Comme toutes les cartes ne sont pas débloquées dès vos premières incarnations, le jeu se renouvelle très régulièrement (plus de 700 cartes sont à débloquer) et on relance avec plaisir une partie, ne serait-ce que pour choisir une autre option sur un choix déjà rencontré ou pour découvrir les nouvelles cartes ajoutées lors de la partie précédente. La mort n’est donc pas synonyme de game over au sens strict : bien que l’on recommence à l’année 1 d’un règne, on poursuit son avancée dans une frise chronologique générale qui tient compte de certaines de nos décisions passées.

Se lancer dans une croisade, ouvrir une route commerciale avec l’Orient, se faire maudire (une fois de plus ou de moins, hein)… Ce genre d’événements perdure dans le temps et vous octroie des bonus (et malus) sur la durée, vous permettant ainsi de rester toujours un peu plus longtemps sur votre trône. Il est également possible de se prévenir d’un game over lié à l’un de vos quatre pouvoirs en construisant un bâtiment adéquat, qui ira se placer en bas de l’écran parmi quatre emplacements disponibles : la banque prévient de la banqueroute, le grenier de la famine, l’hôpital des épidémies, etc. Ces bonus viennent remarquablement pimenter et complexifier un gameplay qui, s’il se base uniquement sur des choix binaires, ne manquait déjà pas de profondeur.
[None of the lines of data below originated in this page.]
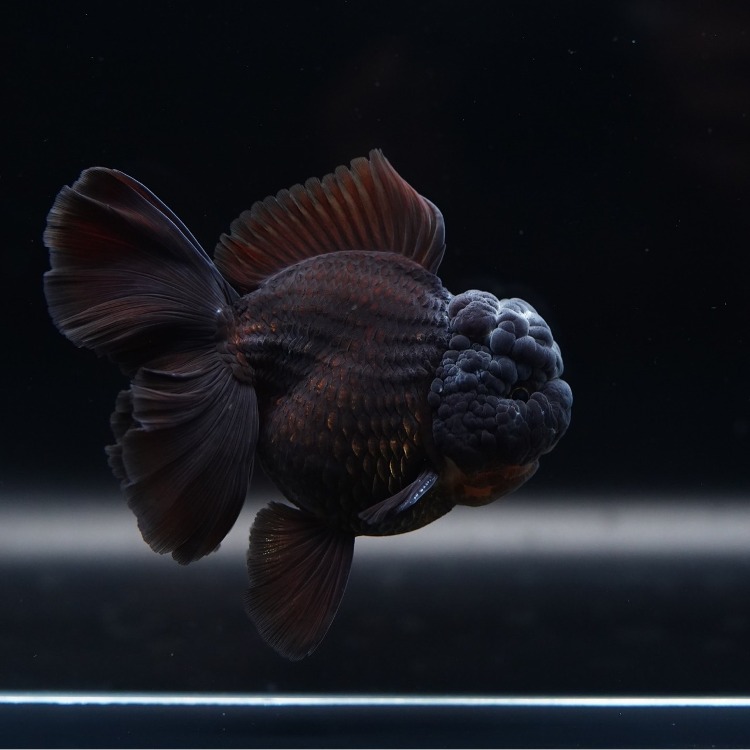 LILIKAZ ROSETAIL ORANDA_리리카즈 로즈테일 오란다/ 12-13cm_수컷추정/ LILIKAZ_0525_5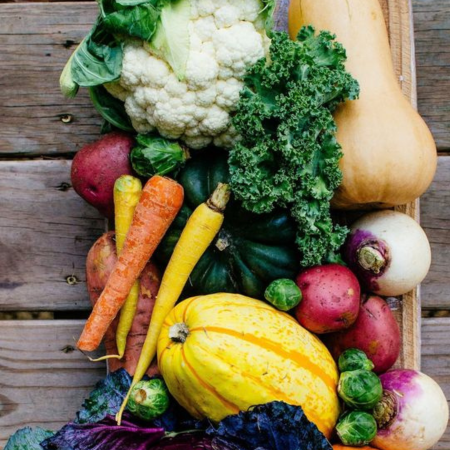 Дългогодишни растения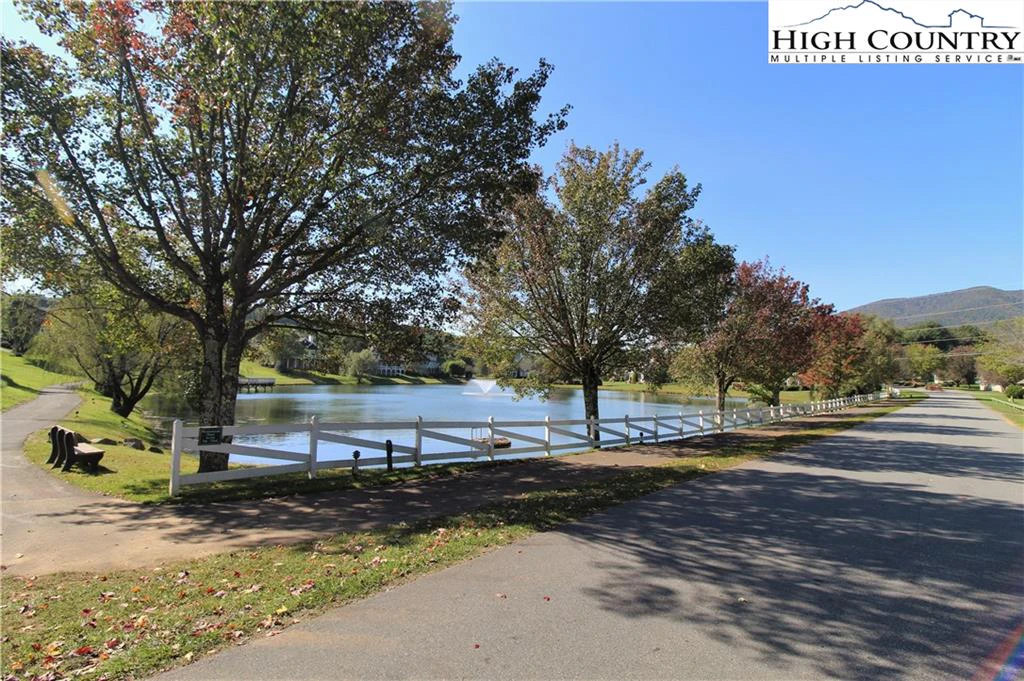 Image number 4 for the current listing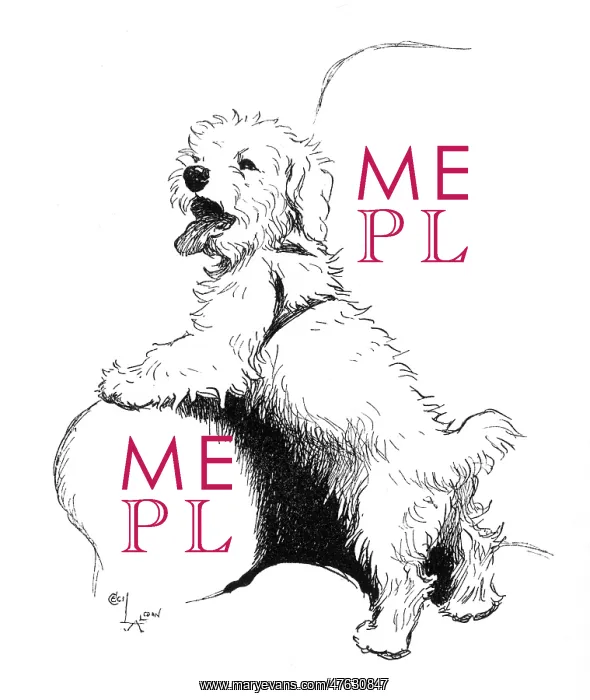 : Illustration of a Sealyham terrier by Cecil Aldin : Illustration of a Sealyham terrier by Cecil Aldin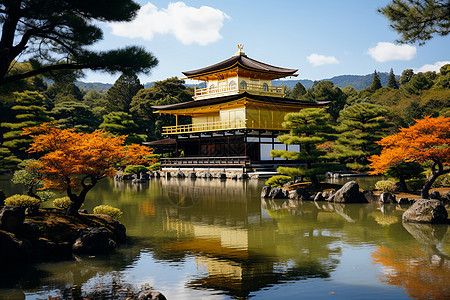 日本花园的池塘景观图片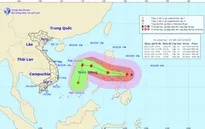 Các địa phương từ Quảng Ninh đến Cà Mau chủ động ứng phó với bão Kammuri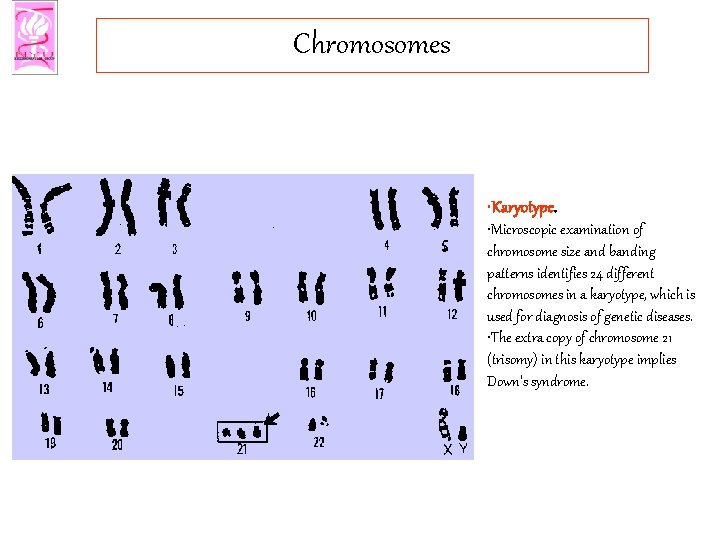Chromosomes • Karyotype. • Microscopic examination of chromosome size and banding patterns identifies 24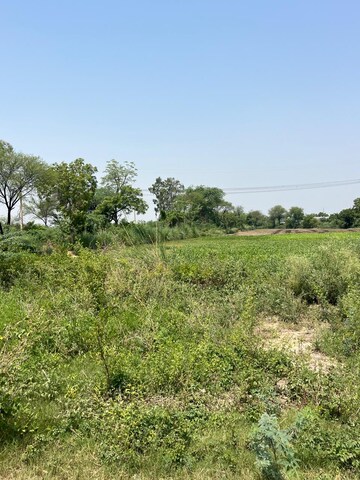 Plot Area in  Plot at Hathin – for Sale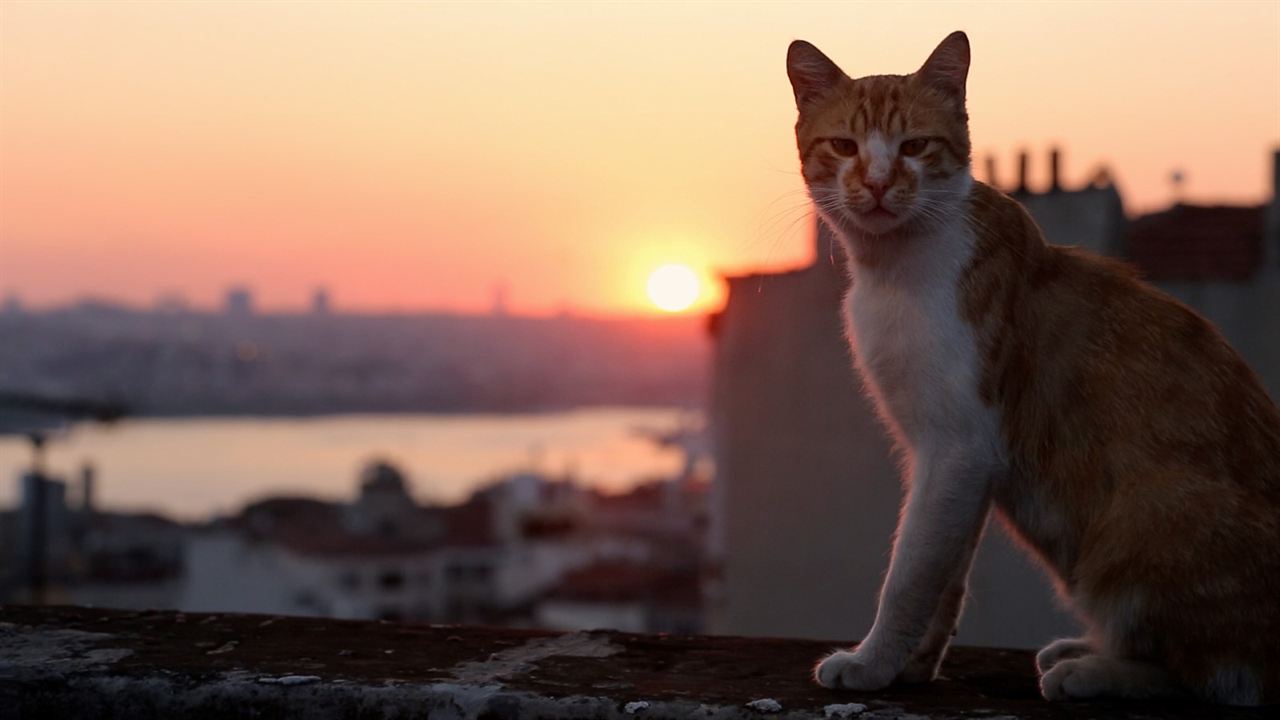 Kedi - Des chats et des hommes : Photo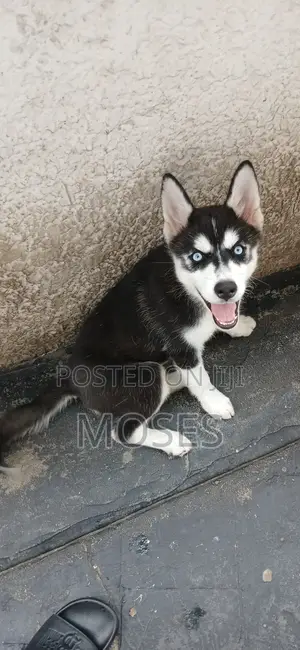 1-3 months Female Purebred Siberian Husky
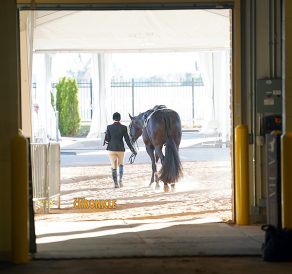 EC Photo of the Day — The Meaning of the Horse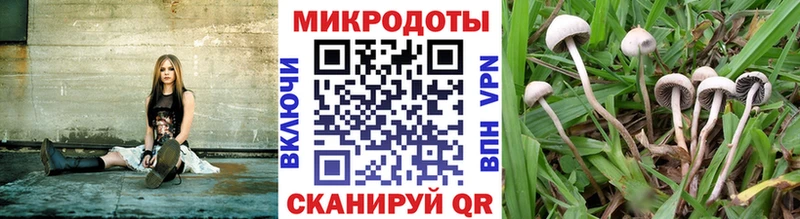 Галлюциногенные грибы MAGIC MUSHROOMS Звенигово
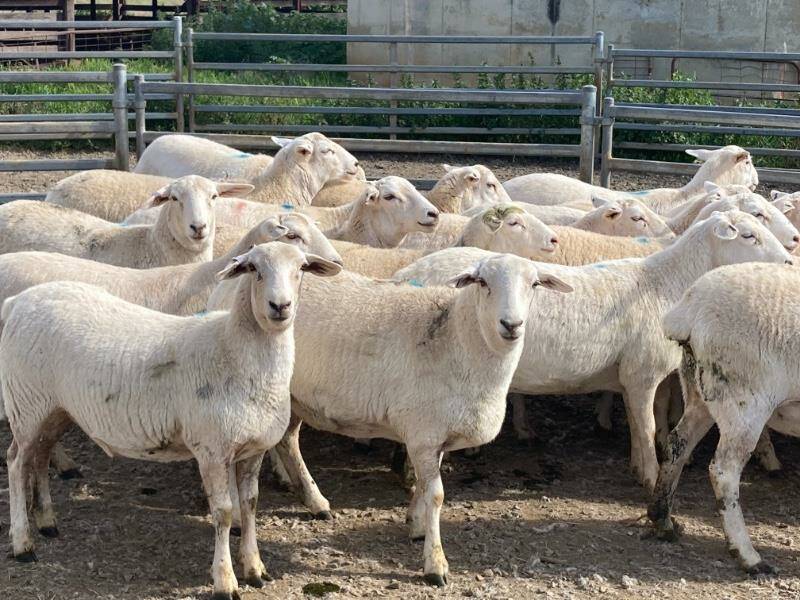 The record breaking Aussie White SIL ewes who made $1210 a head on AuctionsPlus. Photo: AuctionsPlus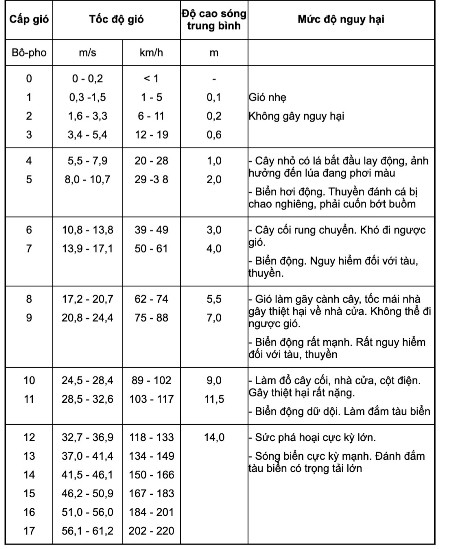 Với sức gió giật cấp 17, bão số 9 gây tác hại vô cùng lớn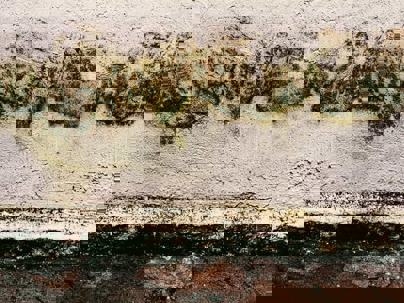 Damage restoration services in California by certified technicians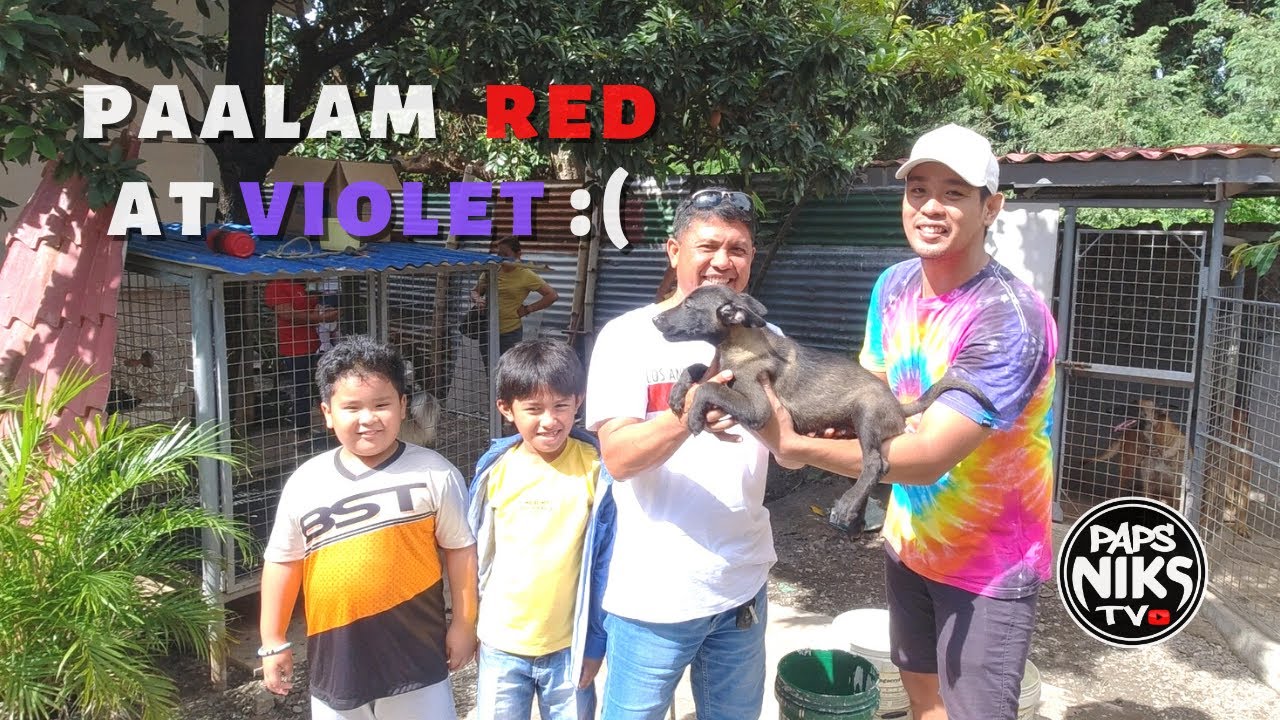 Vlog 139: 1ST PUPPY REHOMED #belgianmalinois #papsnikstv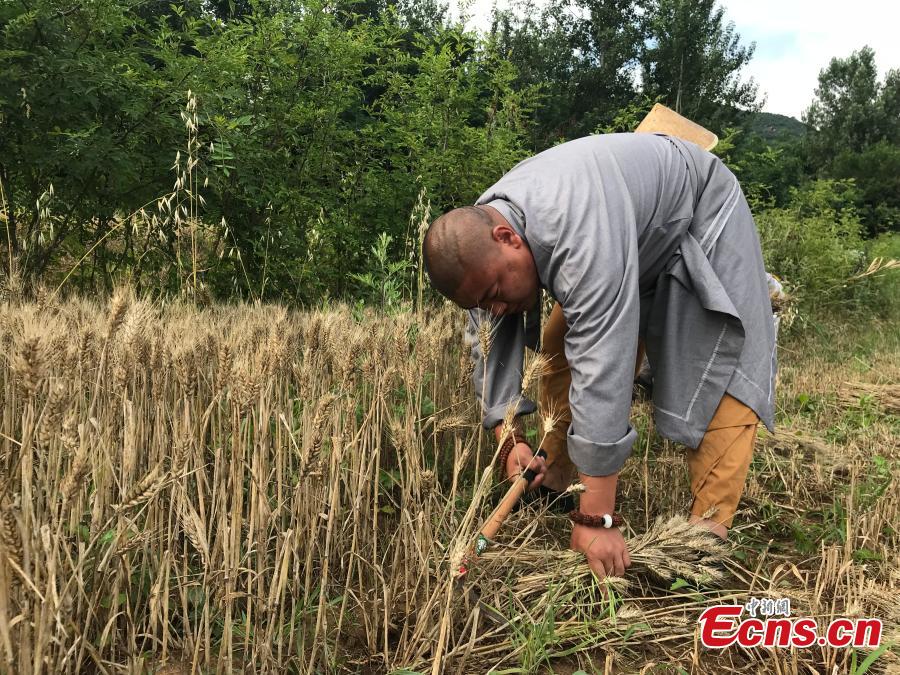 Monks from the Shaolin Temple harvest wheat at a farm in Dengfeng, Henan Province, June 21, 2018. A total of 120 mu, equivalent to eight hectares, of farmland was planted with wheat this year. (Photo: China News Service/Han Zhangyun)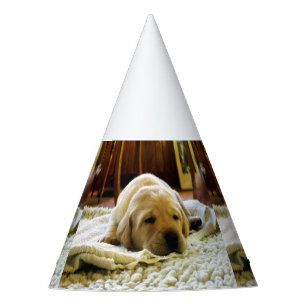 Gelber 2-Labrador-Welpe Partyhütchen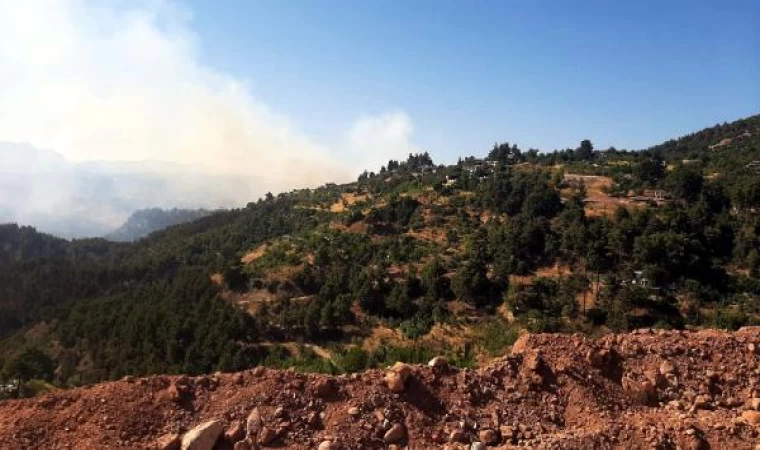 Kahramanmaraş’ta orman yangını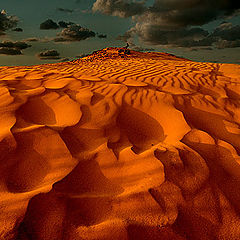 фото "Dunes"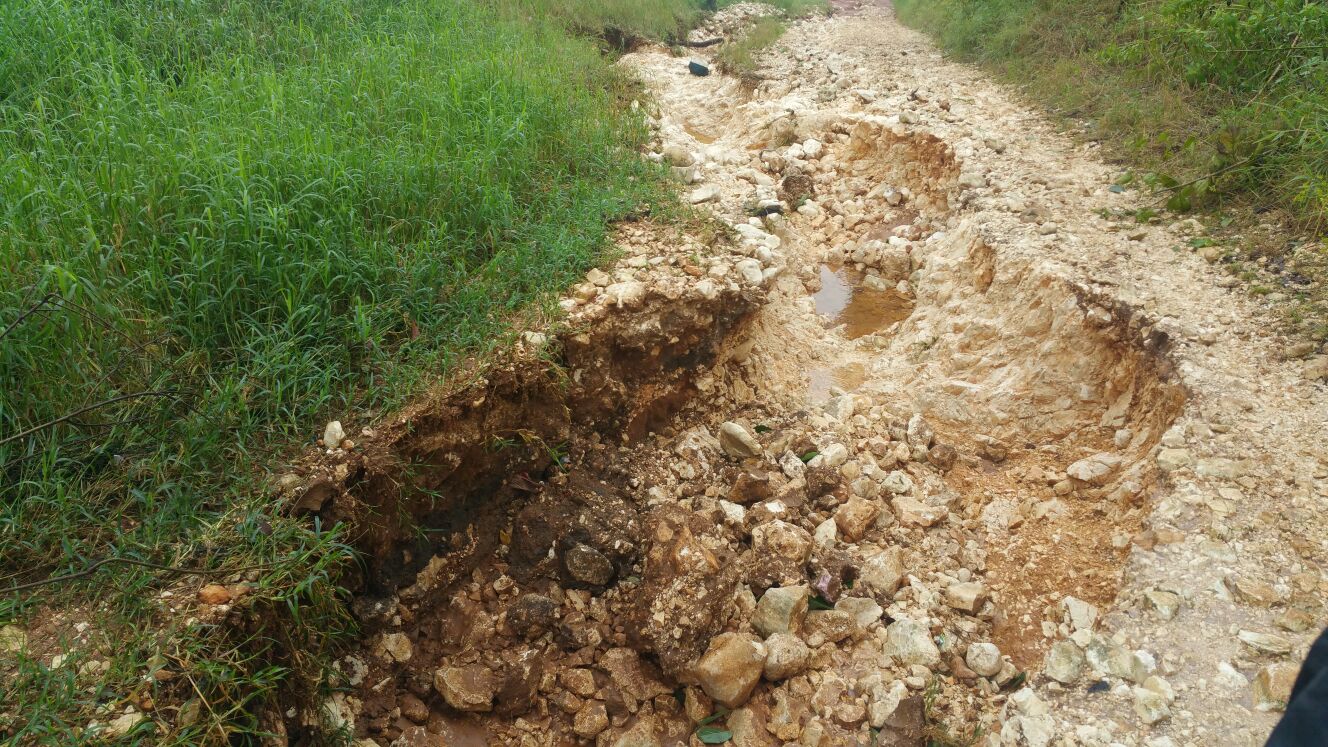 El camino a la zona agrícola de los arroyos está inhabilitado.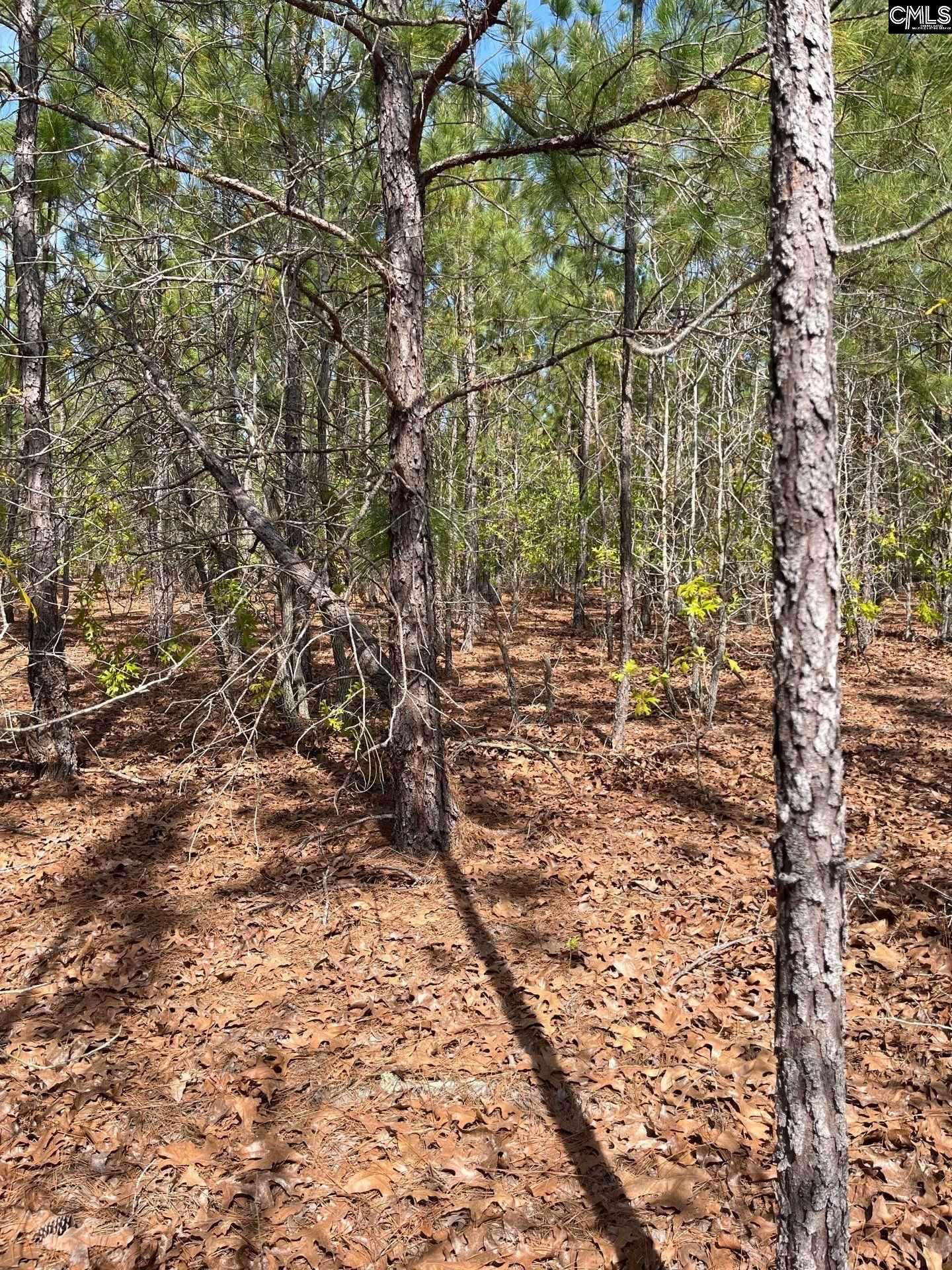 9 Beaver Dam Road Cassatt, SC 29032 - Photo 24 of 25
Un système de « missions » vous indique ce qu’il faut faire pour avancer dans l’intrigue et ainsi débloquer de nouvelles situations et personnages. Plus avant dans le jeu, il sera même possible d’aller explorer un donjon pour mettre la main sur une épée (et autres artefacts secrets), de combattre en duels (toujours avec des choix binaires) et des succès rigolos vous pousseront à faire des choix que vous n’auriez pas fait autrement.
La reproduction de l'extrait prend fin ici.